Negative criticism is particularly exciting, not only because of schadenfreude, but because once limitations are identified, we glimpse how to transcend them. Learning the shortcomings of today’s neuronovel, we catch sight of the psychological novel of the future: a novel expressive of the problems we have now, including the encroachment of cognitive science into the concept of the self. When this novel appears, it will be because some people wrote neuronovels and books like “Proust Was a Neuroscientist” and others identified the ways in which these works captivated us but failed to describe human existence.


Such an interpretation can be applied not just to literary criticism, but to any form of criticism where the aim is to help an author revise and improve their writing. Unfortunately, the truly negative book-review is rarely seen in the scholarly journals: in the last couple of years I've seen one particularly dreadful book-length survey of central Eurasian history receive some unfeasibly (and unwarranted) polite reviews.

Monday, 3 January 2011

Glossing Nawa'i (2)

As noted in an earlier post, for the student whose first language is English, the absence of dictionaries and lexicons defining and explaining Chaghatay Turki words and phrases is frustrating.
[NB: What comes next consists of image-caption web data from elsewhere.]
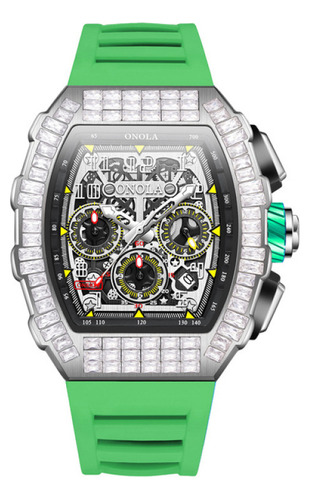 Relógios Mecânicos Automáticos Onola Diamond Cor Da Correia Verde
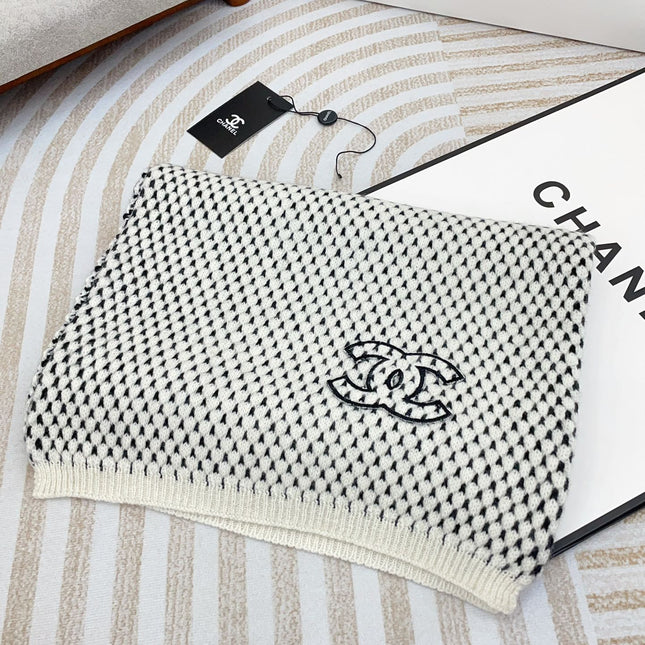 SCARF 180 CM IN WHITE MIX BLACK CASHMERE  394592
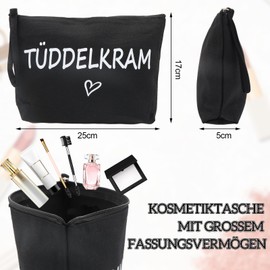 BORISCA Pack of 2 Krimskrams Cosmetic Bag Bag Bag Black Toiletry Bag Women's Small Make Up Bag with Double-Sided Sayings Makeup Bag with Zip for Women Girls Travel Purse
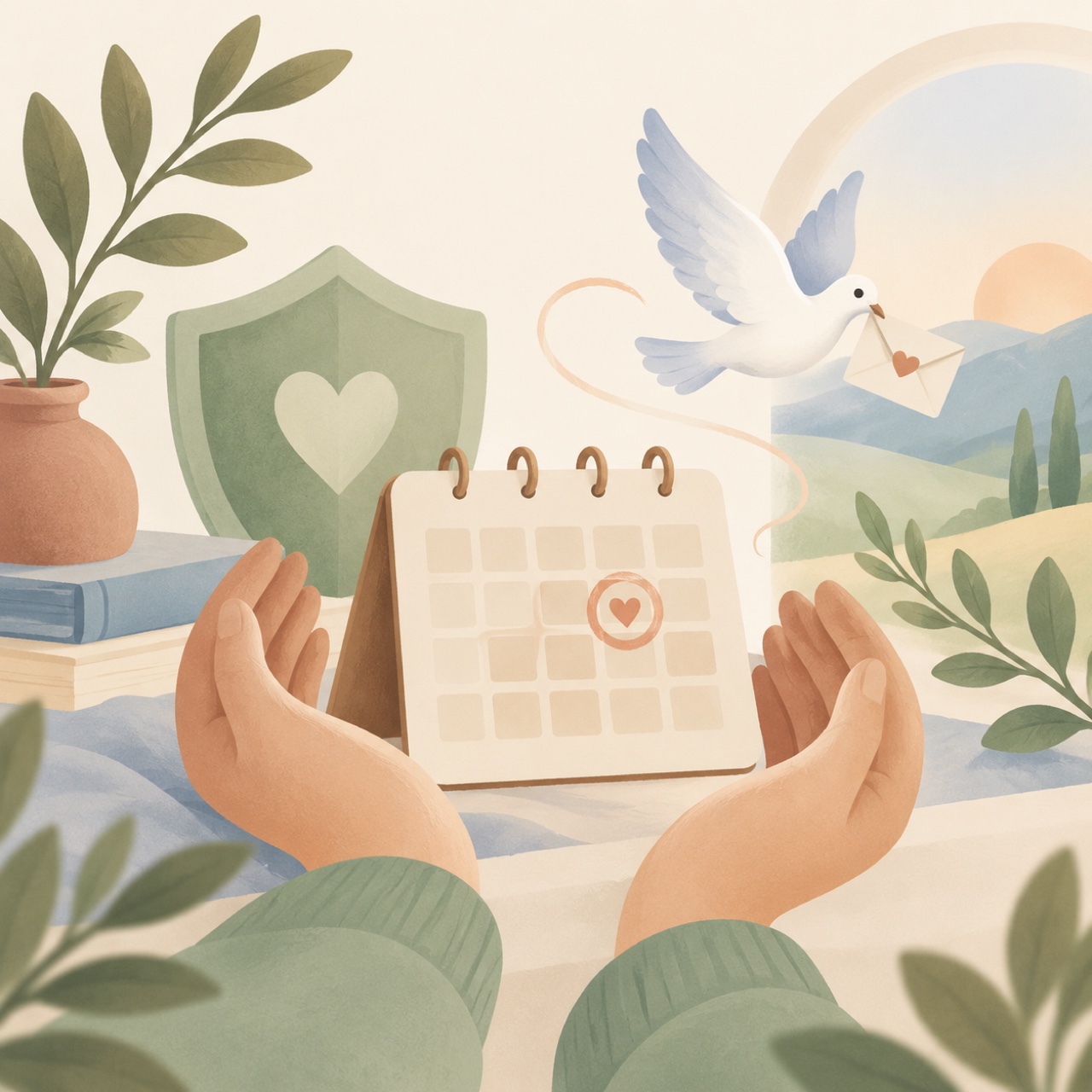 Soft illustration of a desk calendar with one gently circled date and a dove carrying an envelope above it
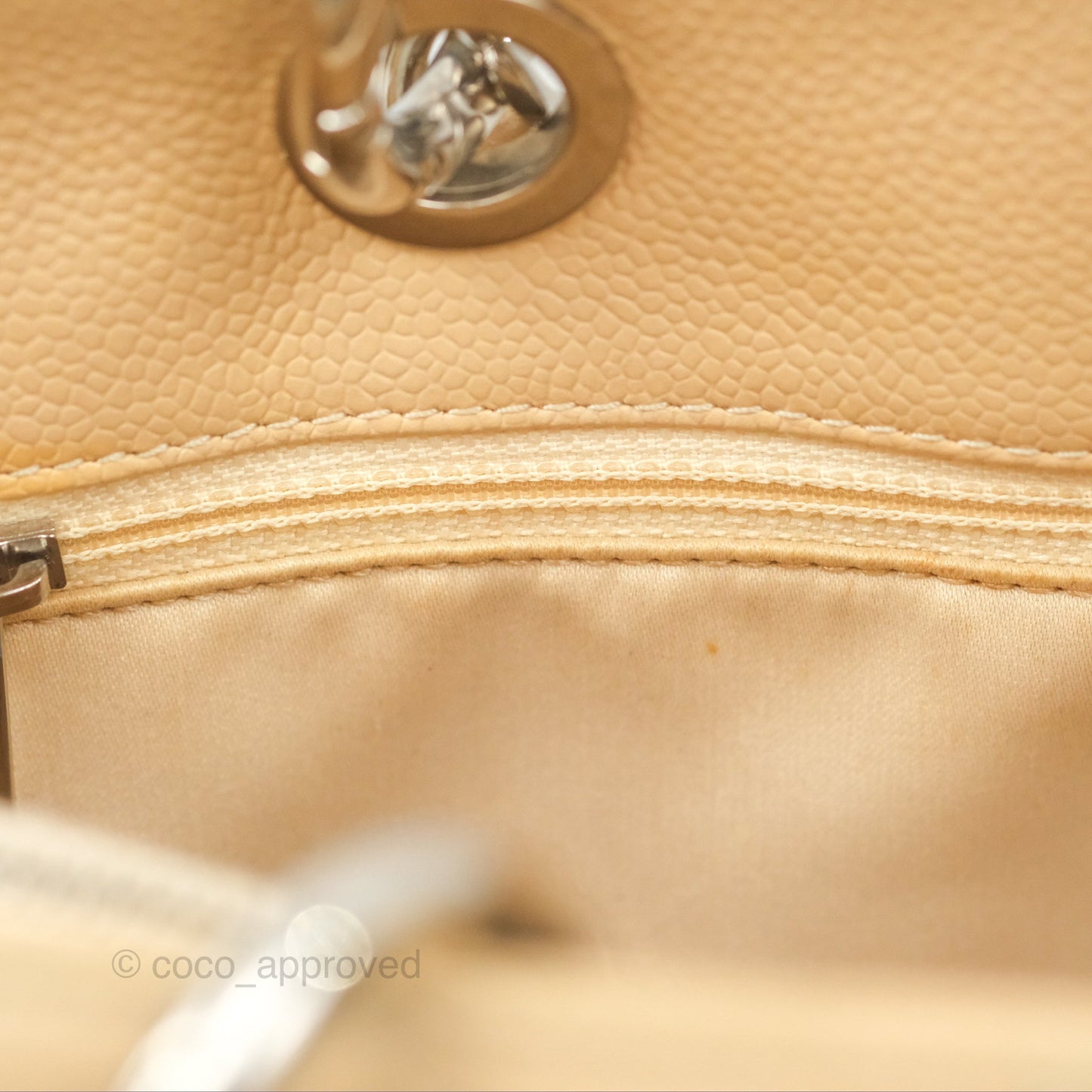 Chanel GST Beige Caviar Silver Hardware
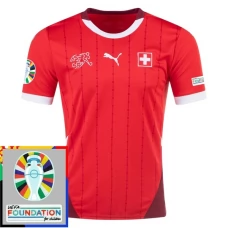 Sveitsi Kotipelipaita EM 2024 Jalkapallo Pelipaidat Peliasut Patch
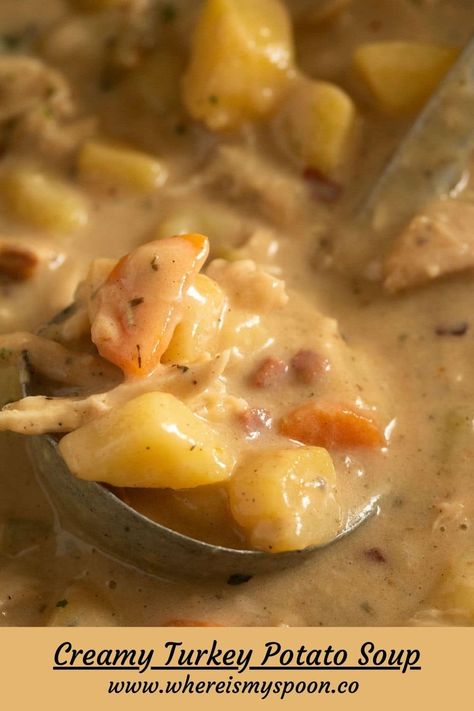 Turn your Thanksgiving leftovers into a tasty creamy turkey potato soup! 🍲🦃 Use up leftover turkey, veggies, cheese, and a flavorful roux for a comforting and easy meal. This warm and filling dish is perfect for cozy evenings. 😋✨ #whereismyspoon #LeftoversRecipe #TurkeySoup #ComfortFoodIdeas #EasyRecipes #ThanksgivingLeftovers #SoupLovers #HomemadeSoup #SimpleCooking #OnePotMeal #DeliciousDinner #EasyMealIdeas #FamilyRecipes #WarmAndCozy #CookingAtHome #WinterRecipes Easy Turkey Vegetable Soup, Recipes Using Turkey Broth, Turkey Potato Soup, Cream Of Turkey Soup, Leftover Soup, Creamy Turkey Soup, Turkey Potato, Potatoes Soup, Chili Crockpot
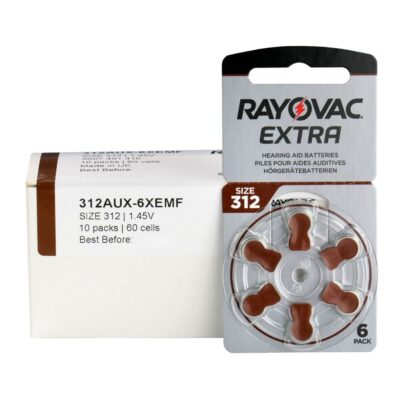 60 pile per apparecchi acustici RAYOVAC EXTRA 312 batterie protesi udito PR41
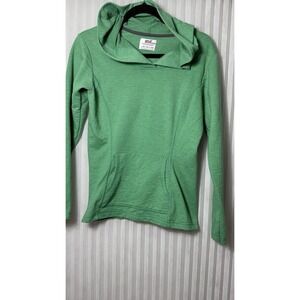 Anvil Hooded Sweatshirt Green Thin French Terry Lining Pouch Pocket Ladies Sz S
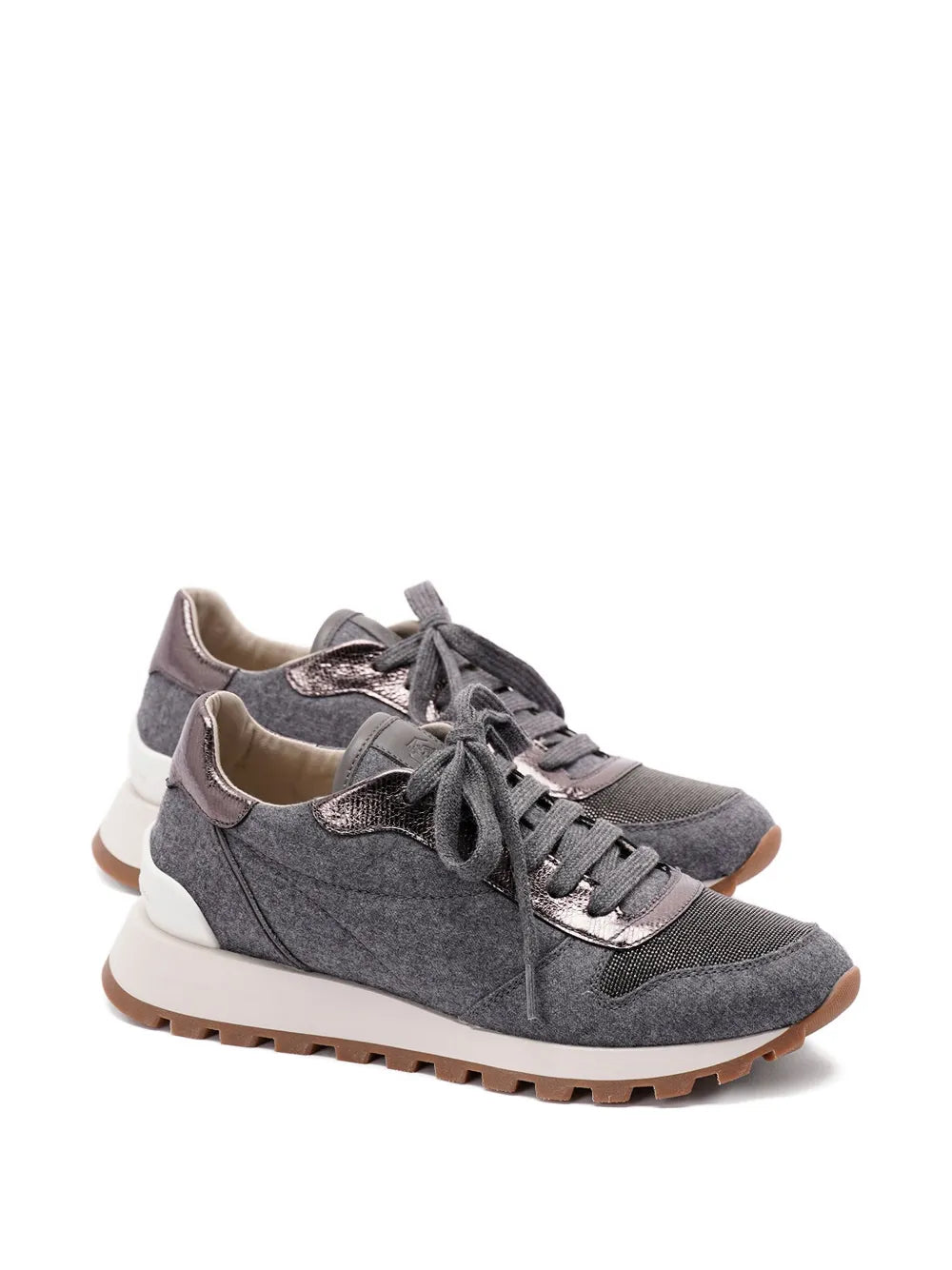 textured lace-up sneakers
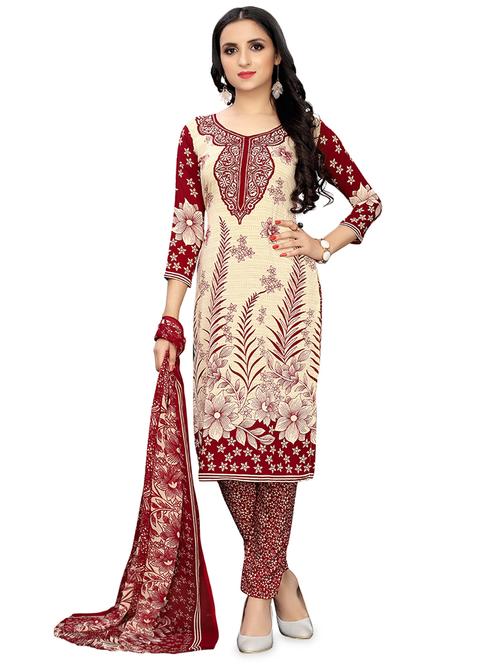 printed churidaar unstitched suit - 16946899 - Very Small Image - 1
Another useful aide I've (re)discovered is Cagataische Sprachstudien: grammatikalischer Umriss und Chrestomathie, enthaltend zwoelf Original-Auszuege mit Uebersetzung, nebst Woerterbh dieser ost-tuerkischen Sprache und verwandten Dialekten (Leipzig: Brockhaus, 1867; repr. Amsterdam, Philo Press, 1975), by Arminius Vambery, the 19th-Century, Hungarian scholar/explorer/public nuisance who acquired a vast range of materials during his peregrinations in Central Asia.

As the title reveals, it is essentially a chrestomathy, featuring transcribed passages from various Chaghatay Turki texts accompanied by German translations, with a glossary at the back. It also comes with a helpful overview of basic Chaghatay grammar, which at least has the benefit of utilizing Arabic script, rather than the transliterated Latin script examples featured in works on Chaghatay grammar by inter alia Bodrogligeti and Eckmann.